→ **Exercise data**:
+ + + +
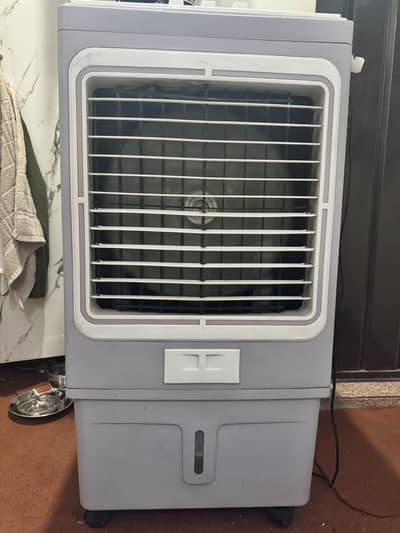 Al Jannat Air Cooler | Only one month Used | Condition 9.5/10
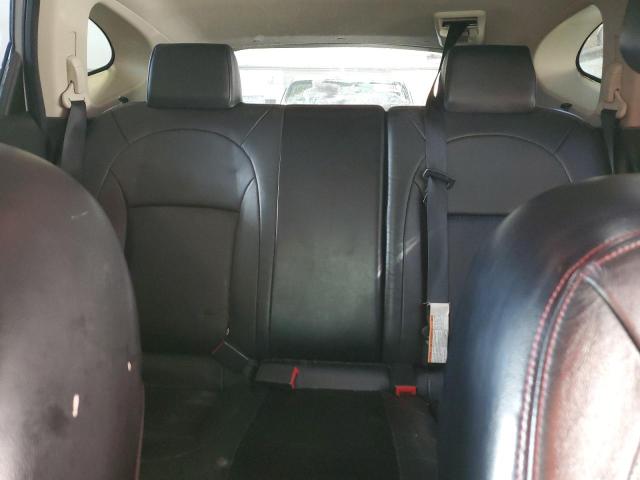 Photo 9 VIN: JN8AS5MV3CW367188 - NISSAN ROGUE 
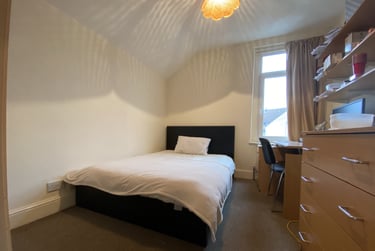 5 bed house, Cathays, Cardiff, CF244QP - Image 5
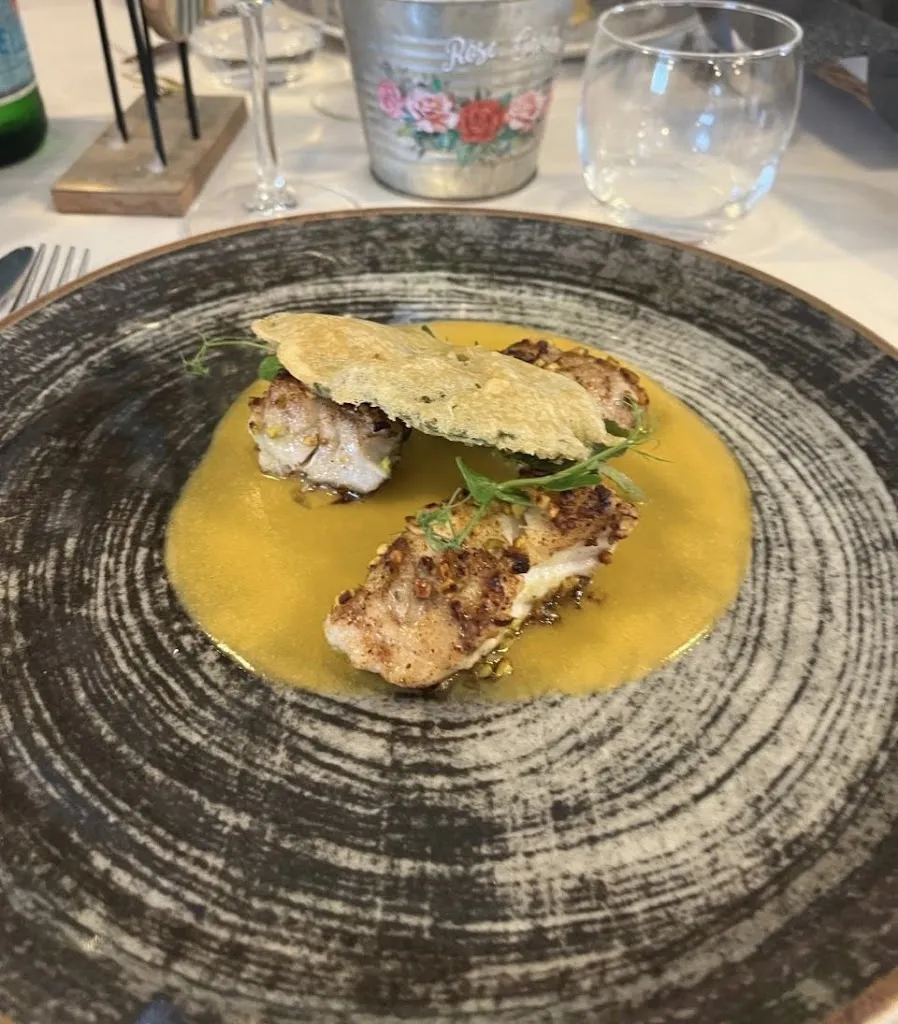 Fabio Novelli_Ristorante Il Rigoletto_Ciriè_review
+ + + +
→ **Directions**:
Using the data above, print every line exactly, omitting pictures.

→ **Written solution**:
 Al Jannat Air Cooler | Only one month Used | Condition 9.5/10
 Photo 9 VIN: JN8AS5MV3CW367188 - NISSAN ROGUE 
 5 bed house, Cathays, Cardiff, CF244QP - Image 5
 Fabio Novelli_Ristorante Il Rigoletto_Ciriè_review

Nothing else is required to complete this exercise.